Unfortunate, anyway back on topic I could only find one photo of my garden ornmanents I'd posted online, looking at EXIF a 7D plus I guess 100mm macro but pretty much the same...


----------



## Marsu42 (Oct 11, 2012)

Sitting Elf said:


> I'm looking forward to learning the functions and settings of the camera, and begin to use it as it was intended...and to be able to get shots like the one below, taken with my 7D, but with even more precision and at FF. 13th shot in a burst of 19 during the launch of a target drone that accelerates from 0-250 MPH in 1.3 seconds.



While maybe not my preferred subject (But I recon a target drone isn't designed to hit the bad guys, whoever they are) I'd really be interested in a gallery "These shots could only have been taken with a 1dx", maybe you can start one - because looking at that excellent shot, it's only the fps that I can think of that could improve it.


----------



## rpt (Oct 12, 2012)

Sitting Elf said:


> 13th shot in a burst of 19 during the launch of a target drone that accelerates from 0-250 MPH in 1.3 seconds.
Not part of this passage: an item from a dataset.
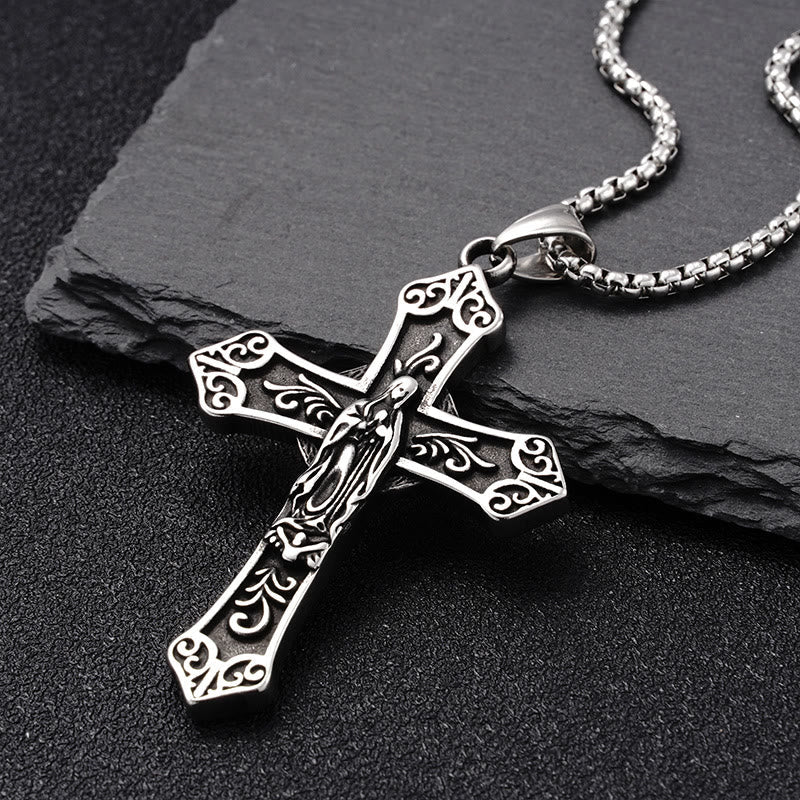 Collar de Titanio con Dije de Cruz de la Virgen María Estilo Retro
Lovely shot! You seem to have a dream job!


----------



## expatinasia (Oct 12, 2012)

Sitting Elf said:


> 13th shot in a burst of 19 during the launch of a target drone that accelerates from 0-250 MPH in 1.3 seconds.
> 
> 
> 
> ...



Very cool shot! Wow. Was that fired from a carrier? Just curious, but do you have any idea of the heat that is generated? The colours are quite amazing.


----------



## Sitting Elf (Oct 12, 2012)

Launched off of a Military Sealift Command Supply ship (USNS) from the helideck. A team from Guam came aboard to do the launches and control (Remote control). This was in support of an International Naval Exercise near Singapore. 
The ship launched five drones that day, and none were shot down by the players... though they tried!

I also have pictures of the drone recoveries. (They are brought back near the ship by remote, then parachuted into the sea, where they are picked up. I'll try to find those pics in my mess, and post a couple.


----------